Um dia, Saulo foi para Damasco, levando consigo uma autorização dos seus superiores dando-lhe poderes para prender ou fazer o que fosse necessário, dentro do que a lei permitia, com os cristãos daquela cidade. Durante a viagem, por volta do meio-dia, uma luz brilhou com uma intensidade tão grande que jogou ele e seus colegas no chão. Ali, então, ouviu uma voz que lhe disse: “Saulo, Saulo, porque você está me perseguindo? Resistir ao aguilhão só lhe trará dor!” Ele respondeu: “Quem és tu, Senhor?” Então ouviu a resposta que dizia: “Sou Jesus, a quem você está perseguindo”. Naquele momento em que Cristo se revelou, Paulo reconheceu que tudo aquilo que pensava ser o certo, que toda a sua religiosidade que fez dele um homem tão íntegro e responsável, na verdade estava levando-o para um caminho completamente oposto ao de Deus. Ele que pensava ser um grande amigo do Senhor, fazendo o melhor que podia para preservar a pureza daquilo que cria ser sua vontade; de uma hora para outra, vê-se como inimigo de Deus ao ouvir de Cristo: “Sou Jesus, a quem você está perseguindo”. Este encontro transformou radicalmente, e para sempre, a vida de Paulo. Enquanto se encontrava ainda no chão, Jesus continuou dizendo a ele: “Agora, levante-se, fique em pé. Eu lhe apareci para constituí-lo servo e testemunha do que você viu a meu respeito e do que lhe mostrarei”. Paulo levantou-se para iniciar uma nova jornada, uma nova vida, uma nova missão. Depois de passar três anos na Arábia, ele volta para Jerusalém e inicia seu longo ministério, proclamando as boas novas do Evangelho de Cristo ao mundo. Paulo tinha uma vida como todos nós. Era um homem íntegro, zeloso e coerente com suas convicções, como alguns de nós. No entanto, quando Cristo se revelou a ele como Filho de Deus, Salvador, ele se entregou completamente. As coisas velhas ficaram para trás; suas velhas ambições foram abandonadas; seus velhos princípios, valores e conceitos, também deixados para trás. Não era mais o mundo quem determinava o que era o certo ou o errado – nem mesmo sua consciência tinha a última palavra. O que lhe importava a partir de então era Cristo, sua palavra, sua cruz, sua ressurreição, sua vontade.

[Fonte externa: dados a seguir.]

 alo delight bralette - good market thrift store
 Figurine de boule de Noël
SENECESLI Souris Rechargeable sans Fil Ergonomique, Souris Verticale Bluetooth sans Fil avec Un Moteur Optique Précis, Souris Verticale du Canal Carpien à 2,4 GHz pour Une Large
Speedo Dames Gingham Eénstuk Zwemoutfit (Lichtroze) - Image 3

Temos perdido este conceito tão central e fundamental da conversão. O Cristo que queremos servir não é mais aquele que se revela, mas um que nós criamos a partir daquilo que nos interessa. Não somos mais convertidos a ele, mas é ele quem se converte a nós. A vida cristã não significa mais o “ser nova criatura”, mas permanecer sendo a mesma criatura, apenas com um leve toque de verniz religioso. Não queremos deixar nada para trás; não pretendemos nos despir do “velho homem” com suas manias, vícios, pecados e hábitos imorais; não queremos abrir mão das ambições mesquinhas; muito menos, das vaidades infantis. Não é mais a voz de fora que fala conosco, mas uma voz de dentro, uma voz que nasce do medo, das inseguranças e dos desejos confusos e neuróticos que definem a natureza da fé.

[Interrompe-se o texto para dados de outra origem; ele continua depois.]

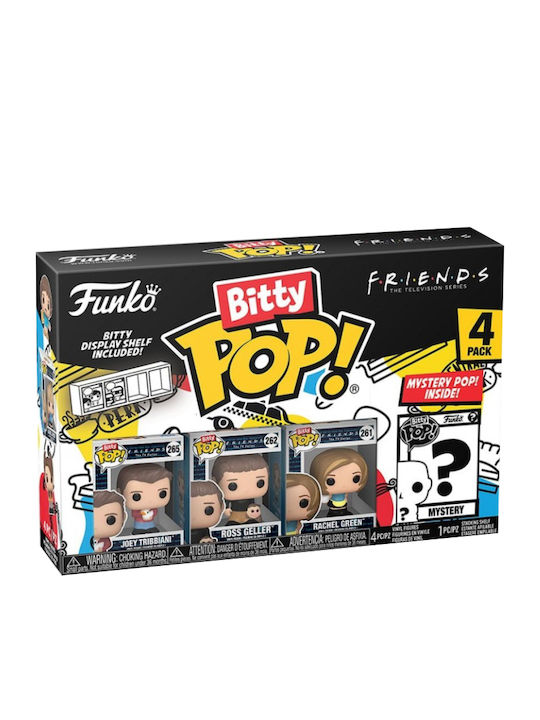 Funko Bitty Pop! Television: Friends - JOEY TRIBBIANI 4τμχ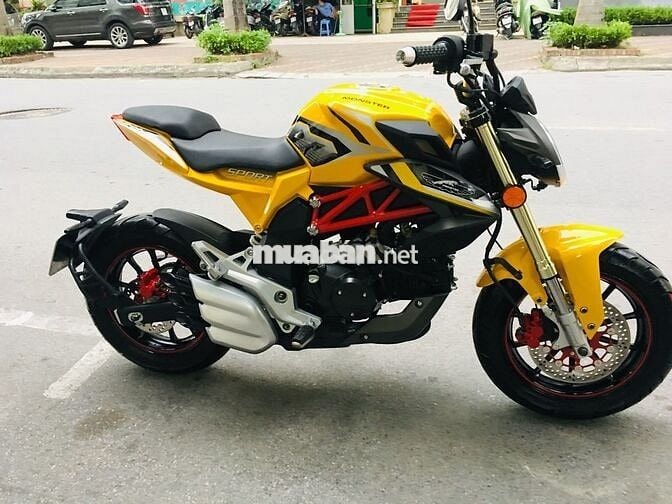 MV AGUSTA 125 CC SIÊU ĐẸP MÀU VÀNG 2023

Precisamos recuperar o significado de dizer: “Fui crucificado com Cristo. Assim, já não sou eu quem vive, mas Cristo vive em mim. A vida que agora vivo no corpo, vivo-a pela fé no Filho de Deus, que me amou e se entregou por mim”. Precisamos voltar a viver pela fé no Filho de Deus, e não pelos impulsos da nossa natureza caída ou atraídos pelo fascínio de uma cultura que nega a cruz de Cristo.

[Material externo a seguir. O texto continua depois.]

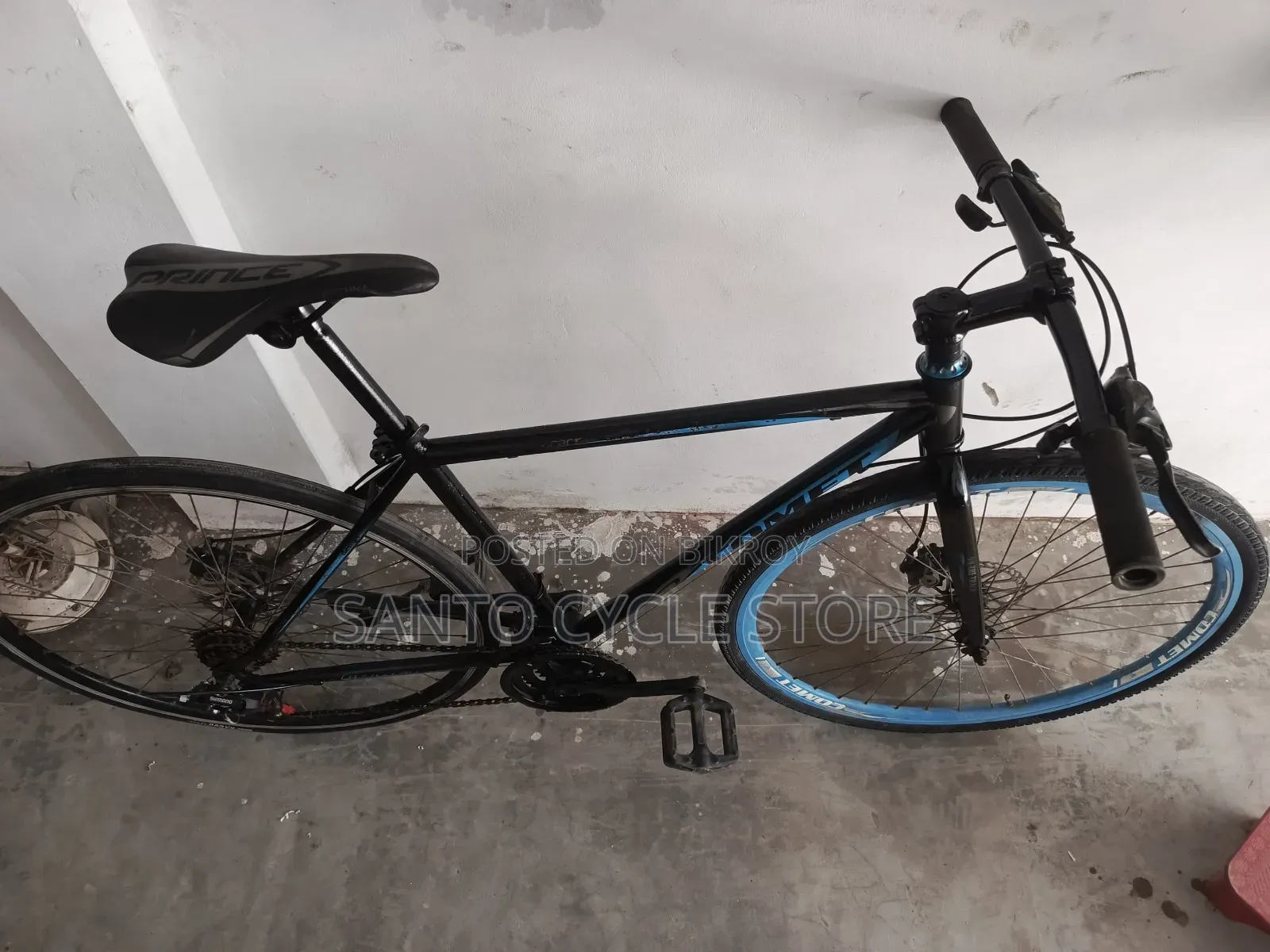 Road Bike (Comet)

Precisamos reconhecer mais uma vez que o chamado de Cristo envolve a renúncia e a radicalidade de um discipulado no qual o Filho de Deus permenece sendo o Senhor da Igreja. Num cenário de esvaziamento ético e frouxidão moral, os cristãos são chamados mais uma vez a dar testemunho de esperança através de uma vida comprometida com os propósitos de Deus para sua criação. A sobrevivência da humanidade dependerá da integridade daqueles que sustentam o testemunho da graça de Deus.